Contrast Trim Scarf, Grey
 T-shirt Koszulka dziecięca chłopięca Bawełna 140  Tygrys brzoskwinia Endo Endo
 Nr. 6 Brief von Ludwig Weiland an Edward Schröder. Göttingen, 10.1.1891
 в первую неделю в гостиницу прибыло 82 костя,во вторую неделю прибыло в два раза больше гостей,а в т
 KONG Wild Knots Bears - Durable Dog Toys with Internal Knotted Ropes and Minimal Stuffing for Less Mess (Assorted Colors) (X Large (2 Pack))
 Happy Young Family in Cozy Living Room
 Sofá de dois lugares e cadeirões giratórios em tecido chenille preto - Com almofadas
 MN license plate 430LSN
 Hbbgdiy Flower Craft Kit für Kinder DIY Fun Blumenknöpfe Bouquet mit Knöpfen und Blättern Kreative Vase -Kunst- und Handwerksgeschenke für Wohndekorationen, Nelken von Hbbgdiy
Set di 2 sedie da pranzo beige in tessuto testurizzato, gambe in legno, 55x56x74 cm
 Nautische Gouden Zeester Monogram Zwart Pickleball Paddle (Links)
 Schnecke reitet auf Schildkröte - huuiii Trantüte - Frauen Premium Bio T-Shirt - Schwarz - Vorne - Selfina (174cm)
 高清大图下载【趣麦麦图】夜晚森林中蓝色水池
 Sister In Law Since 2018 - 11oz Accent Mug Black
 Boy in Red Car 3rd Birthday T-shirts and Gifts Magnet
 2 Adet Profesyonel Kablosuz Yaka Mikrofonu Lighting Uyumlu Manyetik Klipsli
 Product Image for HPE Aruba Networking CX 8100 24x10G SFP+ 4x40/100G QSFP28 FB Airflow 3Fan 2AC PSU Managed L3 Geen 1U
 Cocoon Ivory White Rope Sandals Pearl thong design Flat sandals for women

----------------

Exactly as written, repeat the lines from the start of the listing through the line containing "MN license plate 430LSN", both included.

Your solution:
Contrast Trim Scarf, Grey
 T-shirt Koszulka dziecięca chłopięca Bawełna 140  Tygrys brzoskwinia Endo Endo
 Nr. 6 Brief von Ludwig Weiland an Edward Schröder. Göttingen, 10.1.1891
 в первую неделю в гостиницу прибыло 82 костя,во вторую неделю прибыло в два раза больше гостей,а в т
 KONG Wild Knots Bears - Durable Dog Toys with Internal Knotted Ropes and Minimal Stuffing for Less Mess (Assorted Colors) (X Large (2 Pack))
 Happy Young Family in Cozy Living Room
 Sofá de dois lugares e cadeirões giratórios em tecido chenille preto - Com almofadas
 MN license plate 430LSN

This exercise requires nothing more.